Kristof wrote yesterday in the New York Times about Russia, Georgia and how Obama’s administration should approach the Caucasus. He thinks allowing Georgia into NATO is a bad idea, says we need a new approach to Russia to avoid a new Cold War.
Russia is flexing its muscles. That is beyond debate. A New Cold War, though? I’m not convinced. Moreover, I think analogizing our current relationship with Russia and the Cold War US-Soviet relationship is uninformative and likely obscures more than it enlightens. Much like the penchant for comparing negotiations to Munich, the Cold War comparison can lead to wrong impressions.


It is important for the United States to recognize that, regardless of what NATO countries may say about the eastward expansion of NATO, Russia views it as a threat. Not only has the expansion represented a weakening of Russia’s influence over its near-abroad-essentially Russia’s defensive buffer between Moscow and the rest of the world-but these states have, in Russia’s view, been turning away from Moscow and towards an organization that for fifty years was dedicated to defeating Russia. This is a difficult concept for those of us in the west, who viewed NATO as a benign entity, defending Europe and the World from the Soviet Empire. Nevertheless, Russia’s strongly negative reaction to NATO expansion is no way irrational and is eminently predictable.
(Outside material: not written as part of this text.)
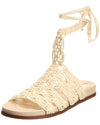 Sam Edelman Nicolette Natural Rounded Open Toe Tie Up Strappy Flats Sandals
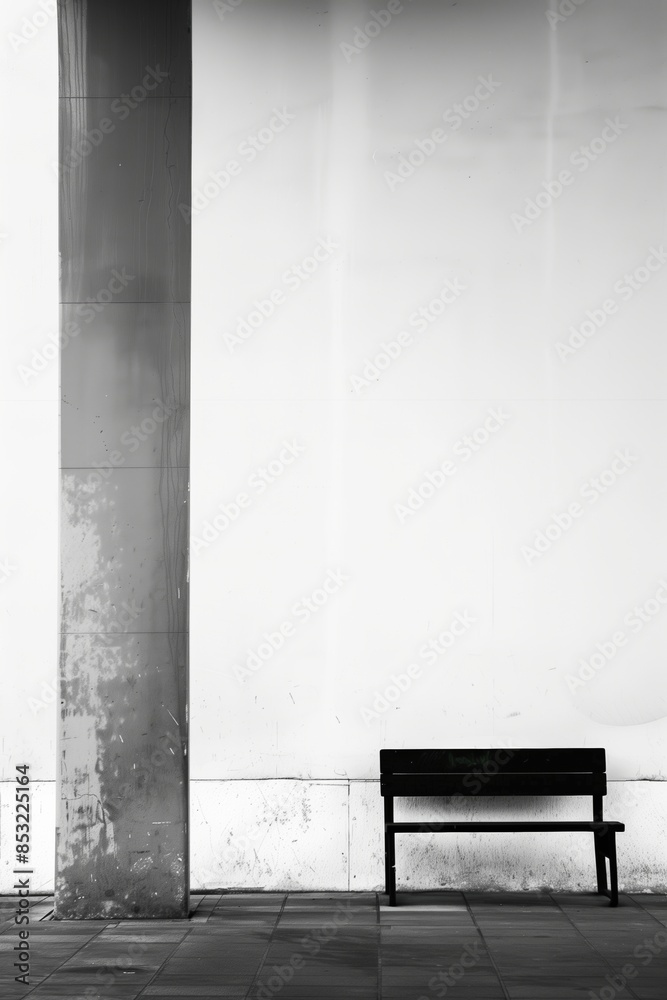 Aufkleber a bench is sitting in front of a wall. ai generated image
The emerging difficulty for the United States and Europe is how to reconcile Russia’s legitimate security concerns, Russia’s apparent desire to project power-regionally, at least-and the strategic importance of the Caucasus. The governing principles for dealing with Russia, moving forward, should be based in Real Politik: 1) Russia’s assertiveness has increased as its revenues have increased and relative hard power has grown while the United States’ has diminished; 2) Russia has a long standing interest in dominating the Caucasus; the significance of the Caucasus to energy for both natural gas/oil extraction as well as pipeline transit has only exacerbated Russia’s interest in dominating the region; 3) re-read Kennan; drawing lines in the sand rhetorically and not backing them up will only encourage Russian aggression – also, take very seriously Russian statements about red lines, they tend to adhere to them.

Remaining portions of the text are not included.